Se estivéssemos a ter esta conversa há dois anos, diria que sim. Neste momento, o universo das séries e das plataformas está tão diversificado, tão sobrepovoado, que acho que a conjugação disto tudo tem muito a ver com o tempo certo, o timing. Eu, pelo menos, sou um grande consumidor de séries e de filmes e já não consigo acompanhar, já não consigo perceber onde é que estão as coisas. Portanto, não sei se vai ter impacto. Se tem importância. Para nós, era muito claro: tinha que estar muito bem feito. Porque uma oportunidade destas, se for para fazer mal, não é mau só para nós. Acaba por ser mau para muita gente que vem a seguir. Pode arruinar vontades de continuar a produzir cá.

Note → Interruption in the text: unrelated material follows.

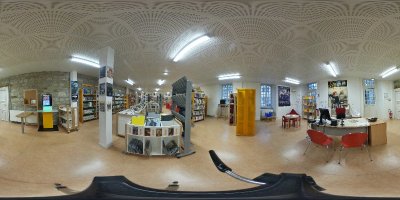 Médiathèque de Lannion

É maravilhoso o mundo que se está a viver, porque se descobrem pérolas incríveis que nunca descobririas de outra forma. Mas sinto muita falta do escuro e da sala de cinema e do ecrã grande.

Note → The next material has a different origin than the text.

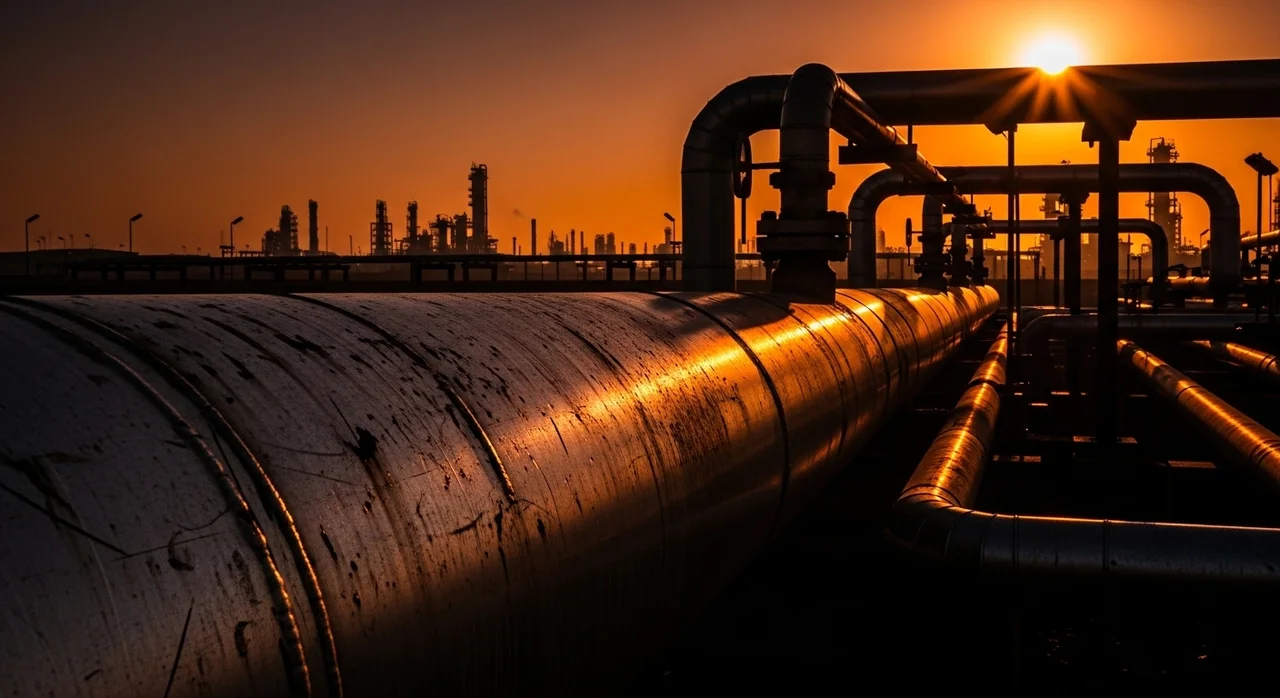 브렌트유 107달러 시대, 에너지 공급망의 균열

A expectativa que têm é que a série tenha um público em Portugal, ou que vá para lá disso?
Aí não tenho expectativa. Sei que em Portugal, inevitavelmente, vai ter essa visibilidade. Sei também que vai estrear no mundo inteiro, mas não sei o que isso quer dizer. É algo novo para mim. Nunca tive uma série a estrear assim. Portanto, não tenho expectativas no sentido de prever alguma coisa. Tenho curiosidade em perceber o quê que isto significa.

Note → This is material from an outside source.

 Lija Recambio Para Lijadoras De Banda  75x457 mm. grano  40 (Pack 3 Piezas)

Como é que um realizador de cinema olha para esta hegemonia das séries e das pessoas sentadas em casa a olhar para o ecrã e não nas salas de cinema?
Eh pá, é muito complicado. Comecei por ser um grande adepto deste formato de séries, porque permite um desenvolvimento das histórias e dos personagens de uma forma pouco possível em cinema. Hoje em dia, com esta sobrepopulação, já fico muito contente quando consigo ter a janela de ver só um filme naquelas duas horas, fico muito apaziguado. O que acontece com as séries, com tantas, é que começas a abrir muitas portas e depois não acabas todas, deixas muita coisa a meio. Mas como é que vejo isto? Com tristeza. Não é da aparição disto. É maravilhoso o mundo que se está a viver, porque se descobrem pérolas incríveis que nunca descobririas de outra forma. Mas sinto muita falta do escuro e da sala de cinema e do ecrã grande. Gosto disso. A nossa ligação aí é sempre diferente do que é nos ecrãs do computador, no telefone. Agora vejo pessoas a ver séries em telefones, que é uma coisa que achei que ia ser só uma modinha. Não, veio para ficar e vai ser uma transformação grande. Para quem tem tanto trabalho a construir imagens, é um bocadinho penoso [risos]. É um mundo novo, com uma grande mutação e ainda estamos numa época inicial, porque isto agora vai ser mesmo gigantesco a este nível de coisas para se ver.